PROJECT SUMMARY/ABSTRACT: Primary open angle glaucoma (POAG), the most common form of glaucoma, is characterized by progressive loss of retinal ganglion cells (RGCs) and their axons, leading to irreversible vision loss. Elevated intraocular pressure (IOP) is the major risk factor for POAG. Unfortunately, the underlying pathological mechanisms

responsible for IOP-induced glaucomatous neurodegeneration still remain unclear. The long-term goal of this proposal is to delineate the molecular pathways governing IOP-induced glaucomatous neurodegeneration and to develop an effective glaucoma treatment strategy. To this end, we have developed a novel glucocorticoid

(GC)-induced and myocilin-associated mouse models of POAG, replicating human POAG phenotypes. Importantly, we have identified impaired mitophagy, accumulation of damaged mitochondria and inflammatory immune cells in the optic nerve of both human and mouse glaucoma.

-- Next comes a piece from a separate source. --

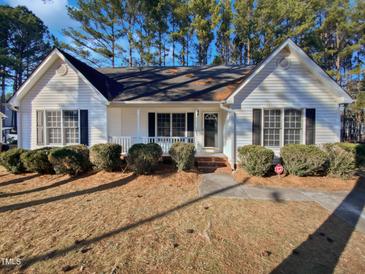 Charming, single-story home featuring a well-manicured lawn and traditional architectural details at 337 Caroline Dr, Wendell, NC 27591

Based upon our preliminary data, we

propose to: 1) examine the effect of IOP on mitophagy impairment and accumulation of damaged mitochondria using mouse and human POAG, 2) examine the role of impaired mitophagy on glaucomatous neurodegeneration and, 3) further identify whether enhancing mitophagy alleviates neurodegeneration and prevent RGC loss in

mouse models of POAG. In the mentored phase, I will establish mouse models to study mitophagy in POAG including mitophagy reporter transgenic Mt-Keima mice, RGC-specific Parkin and ATG5 conditional knockout mice under the guidance of Dr. Gulab Zode (an expert in chronic ER stress and autophagy in trabecular

meshwork). In collaboration with Dr. Denise Inman (an expert in the field of mitochondrial metabolism), I will enhance my understanding of mitochondrial dysfunction in mouse models of POAG. The mentored phase will also be supplemented by training with Dr. Abbot Clark (well-known leading glaucoma expert), who will provide

assistance with human tissues as well as an additional training for my independent career. Furthermore, regular meetings with Dr. Paula Gregory who has tremendous experience in assisting young investigators will help me to develop independent career. During the independent phase, we will examine role of mitophagy on

inflammatory neurodegeneration and determine whether inducing mitophagy (Urolithin A/Actinonin/Metformin/ Parkin overexpression) rescues GC or myocilin-associated POAG. Additionally, during the mentored phase, I will be having regular meetings with my advisory committee, attend scientific conferences, and continue my

career development. I am in the ideal environment for the proposed research and for my career development as Dr. Zode has an established state-of-the-art facilities at the North Texas Eye Research Institute, and collaborations with renowned scientists, Dr. Val Sheffield, Dr. John Hulleman and Dr. Kevin Park. This will help

me to set-up good collaborations, learn new techniques, and build an independent research laboratory at a well- established academic institution.